Question

The circular divisions of the shown screw gauge are\[50\] . It moves \[0.5mm\] on the main scale in one rotation. The diameter of the ball is:
$
  (A)2.25mm \\
  (B)2.20mm \\
  (C)1.20mm \\
  (D)1.25mm \\
 $

Answer 1

Hint: Find the formula of zero error of a screw gauge and calculate it with the given data.
Also, calculate the least count of the circular scale used in the screw gauge.
Using the least count, find the main scale reading and circular scale reading.
Note that the formula of actual measurement is based upon these two readings and the zero error of the screw gauge.

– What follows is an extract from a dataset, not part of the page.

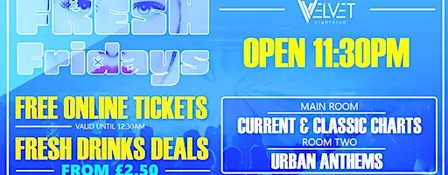 FRESH Friday - £2.50 Drinks!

Complete step by step answer:
From the 1^st figure, the Zero error of the screw gauge is, $Z.E = \dfrac{{5 \times 0.5}}{{50}} = 0.05mm$
Now the least count of the circular scale is, $L.C = \dfrac{{0.5}}{{50}} = 0.01mm$
So, The circular scale reading, $C.S.R = 25 \times 0.01 = 0.25mm$
And, the main scale reading, $M.S.R = 2 \times 0.5 = 1mm$
So the diameter will be C. S.R+M.S.R-Z.E
Hence the diameter = $0.25 + 1 - 0.05 = 1.20mm$
So, the correct answer is “Option C”.

Additional information:
The micrometer screw gauge. The micrometer screw gauge is used in the measurement of even smaller dimensions than the vernier calipers. The micrometer screw gauge additionally uses an auxiliary scale (measuring hundredths of a millimeter) that is marked on a rotary thimble

Note: The screw gauge is an instrument used for mensuration precisely the diameter of a wire or the breadth of a sheet of metal. It contains a U-like that is mounted with a screwed pin that's mounted to a thimble. fact by fact to the axis of the thimble, a scale passed in millimeter linear unit is inscribed.
A screw gauge works on the principle of the screw. This screw principle helps to convert smaller distances into larger ones by the rotation of the screw. It amplifies the smaller dimensions and this converts into larger ones. Once we tend to rotate the screw, there's a linear movement of the foremost scale.